┌────────
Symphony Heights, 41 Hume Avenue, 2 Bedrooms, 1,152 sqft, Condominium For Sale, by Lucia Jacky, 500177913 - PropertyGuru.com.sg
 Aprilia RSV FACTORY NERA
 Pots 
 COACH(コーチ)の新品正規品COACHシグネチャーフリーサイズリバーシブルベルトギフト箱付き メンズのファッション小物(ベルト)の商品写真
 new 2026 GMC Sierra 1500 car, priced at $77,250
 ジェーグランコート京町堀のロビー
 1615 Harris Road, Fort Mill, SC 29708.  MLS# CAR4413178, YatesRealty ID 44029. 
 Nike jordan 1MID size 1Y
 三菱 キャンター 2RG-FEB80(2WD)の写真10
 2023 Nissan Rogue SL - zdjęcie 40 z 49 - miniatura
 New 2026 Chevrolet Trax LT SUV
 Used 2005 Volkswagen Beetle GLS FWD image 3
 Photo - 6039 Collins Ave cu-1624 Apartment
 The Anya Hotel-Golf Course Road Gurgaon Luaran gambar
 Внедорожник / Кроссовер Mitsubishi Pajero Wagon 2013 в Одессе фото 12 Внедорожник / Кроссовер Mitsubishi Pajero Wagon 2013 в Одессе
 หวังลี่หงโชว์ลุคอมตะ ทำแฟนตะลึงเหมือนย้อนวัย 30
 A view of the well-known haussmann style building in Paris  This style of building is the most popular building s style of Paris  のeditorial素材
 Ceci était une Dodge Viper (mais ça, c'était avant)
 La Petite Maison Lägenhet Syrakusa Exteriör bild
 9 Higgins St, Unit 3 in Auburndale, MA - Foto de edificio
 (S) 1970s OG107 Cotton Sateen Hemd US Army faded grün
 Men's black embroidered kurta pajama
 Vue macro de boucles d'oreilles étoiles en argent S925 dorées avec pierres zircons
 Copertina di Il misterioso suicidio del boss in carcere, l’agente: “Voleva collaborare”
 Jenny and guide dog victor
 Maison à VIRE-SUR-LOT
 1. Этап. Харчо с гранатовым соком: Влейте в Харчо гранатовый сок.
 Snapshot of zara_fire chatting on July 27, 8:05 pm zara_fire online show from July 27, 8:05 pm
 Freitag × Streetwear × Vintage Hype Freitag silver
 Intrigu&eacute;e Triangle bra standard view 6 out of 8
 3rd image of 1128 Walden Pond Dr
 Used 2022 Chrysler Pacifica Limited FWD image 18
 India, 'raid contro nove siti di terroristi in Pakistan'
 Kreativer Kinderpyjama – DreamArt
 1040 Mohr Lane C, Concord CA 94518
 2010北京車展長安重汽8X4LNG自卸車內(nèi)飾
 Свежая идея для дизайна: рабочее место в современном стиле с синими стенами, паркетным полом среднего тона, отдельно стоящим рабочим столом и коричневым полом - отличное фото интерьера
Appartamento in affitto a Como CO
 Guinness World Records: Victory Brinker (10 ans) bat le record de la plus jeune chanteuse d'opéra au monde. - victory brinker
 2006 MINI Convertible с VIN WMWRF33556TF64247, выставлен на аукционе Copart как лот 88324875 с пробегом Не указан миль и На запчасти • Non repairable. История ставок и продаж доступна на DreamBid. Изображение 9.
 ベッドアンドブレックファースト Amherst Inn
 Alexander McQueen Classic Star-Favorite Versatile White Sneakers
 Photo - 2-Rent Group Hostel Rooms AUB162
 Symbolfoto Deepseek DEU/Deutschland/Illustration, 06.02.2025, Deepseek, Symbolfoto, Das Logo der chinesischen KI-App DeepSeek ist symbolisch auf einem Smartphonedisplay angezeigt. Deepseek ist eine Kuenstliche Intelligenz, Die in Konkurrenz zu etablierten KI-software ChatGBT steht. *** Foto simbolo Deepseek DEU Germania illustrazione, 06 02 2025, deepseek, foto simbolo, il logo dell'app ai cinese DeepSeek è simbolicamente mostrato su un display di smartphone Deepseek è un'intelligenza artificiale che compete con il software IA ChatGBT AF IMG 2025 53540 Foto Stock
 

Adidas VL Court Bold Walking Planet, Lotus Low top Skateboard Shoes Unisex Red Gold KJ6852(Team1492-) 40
└────────
In the listing above, find the line containing "3rd image of 1128 Walden Pond Dr" and the line containing "2010北京車展長安重汽8X4LNG自卸車內(nèi)飾", then quote both, plus every line between them, exactly as written.

▶ _WRITTEN SOLUTION_
 3rd image of 1128 Walden Pond Dr
 Used 2022 Chrysler Pacifica Limited FWD image 18
 India, 'raid contro nove siti di terroristi in Pakistan'
 Kreativer Kinderpyjama – DreamArt
 1040 Mohr Lane C, Concord CA 94518
 2010北京車展長安重汽8X4LNG自卸車內(nèi)飾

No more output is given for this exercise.